*Listed records*

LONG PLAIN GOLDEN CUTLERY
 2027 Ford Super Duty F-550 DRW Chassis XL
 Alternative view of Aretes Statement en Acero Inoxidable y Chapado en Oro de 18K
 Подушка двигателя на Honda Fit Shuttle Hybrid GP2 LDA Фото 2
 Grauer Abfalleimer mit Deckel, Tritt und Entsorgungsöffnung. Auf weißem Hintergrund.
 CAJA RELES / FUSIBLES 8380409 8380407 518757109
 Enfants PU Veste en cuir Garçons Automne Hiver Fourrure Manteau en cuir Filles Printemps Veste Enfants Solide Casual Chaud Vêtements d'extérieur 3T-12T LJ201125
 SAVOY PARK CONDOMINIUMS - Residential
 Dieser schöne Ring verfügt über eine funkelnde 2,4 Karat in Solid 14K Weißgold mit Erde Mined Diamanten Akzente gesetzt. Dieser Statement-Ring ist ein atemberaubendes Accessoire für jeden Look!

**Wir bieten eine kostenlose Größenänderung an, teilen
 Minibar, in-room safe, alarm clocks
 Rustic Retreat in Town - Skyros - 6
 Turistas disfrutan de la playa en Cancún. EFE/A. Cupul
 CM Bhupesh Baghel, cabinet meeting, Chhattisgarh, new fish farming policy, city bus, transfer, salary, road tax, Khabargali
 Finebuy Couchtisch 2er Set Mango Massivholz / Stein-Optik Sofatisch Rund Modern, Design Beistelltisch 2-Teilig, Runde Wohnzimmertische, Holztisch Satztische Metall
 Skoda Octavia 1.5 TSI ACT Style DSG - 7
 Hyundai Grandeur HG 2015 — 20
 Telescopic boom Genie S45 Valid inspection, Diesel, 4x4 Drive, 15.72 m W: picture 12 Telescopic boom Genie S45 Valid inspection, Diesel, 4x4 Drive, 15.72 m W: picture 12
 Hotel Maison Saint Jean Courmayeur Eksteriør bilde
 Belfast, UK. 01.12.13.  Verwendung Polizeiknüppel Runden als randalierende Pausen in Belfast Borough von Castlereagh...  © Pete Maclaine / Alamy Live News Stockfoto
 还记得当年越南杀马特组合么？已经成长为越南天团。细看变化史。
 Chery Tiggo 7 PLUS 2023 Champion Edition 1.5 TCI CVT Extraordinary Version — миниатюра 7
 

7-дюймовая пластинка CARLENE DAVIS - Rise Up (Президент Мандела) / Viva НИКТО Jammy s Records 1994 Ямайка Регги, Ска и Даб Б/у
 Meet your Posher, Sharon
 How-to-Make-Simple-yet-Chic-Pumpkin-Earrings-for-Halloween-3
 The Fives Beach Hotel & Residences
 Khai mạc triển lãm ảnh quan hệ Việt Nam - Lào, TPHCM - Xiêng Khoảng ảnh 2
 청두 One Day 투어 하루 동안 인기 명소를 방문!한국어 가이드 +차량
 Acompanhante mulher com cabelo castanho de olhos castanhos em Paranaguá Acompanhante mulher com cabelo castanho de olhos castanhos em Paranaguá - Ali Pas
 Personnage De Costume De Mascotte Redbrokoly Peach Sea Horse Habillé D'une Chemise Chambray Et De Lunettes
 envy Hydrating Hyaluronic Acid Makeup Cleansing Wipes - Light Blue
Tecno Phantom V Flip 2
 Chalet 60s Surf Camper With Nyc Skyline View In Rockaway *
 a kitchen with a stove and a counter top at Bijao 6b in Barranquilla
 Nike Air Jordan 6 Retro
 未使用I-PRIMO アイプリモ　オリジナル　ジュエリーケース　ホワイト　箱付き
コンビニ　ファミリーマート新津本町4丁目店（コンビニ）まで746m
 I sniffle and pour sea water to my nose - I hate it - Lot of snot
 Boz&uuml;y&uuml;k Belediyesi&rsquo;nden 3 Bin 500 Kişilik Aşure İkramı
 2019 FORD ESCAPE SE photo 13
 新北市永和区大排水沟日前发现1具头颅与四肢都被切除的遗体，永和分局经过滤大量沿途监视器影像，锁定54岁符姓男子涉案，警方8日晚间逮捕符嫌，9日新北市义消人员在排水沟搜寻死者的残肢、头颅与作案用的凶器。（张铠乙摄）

*Brief*
Which lines of the data include the string "Hotel"? Find them and copy each one.

*Solution to this exercise*
 Hotel Maison Saint Jean Courmayeur Eksteriør bilde
 The Fives Beach Hotel & Residences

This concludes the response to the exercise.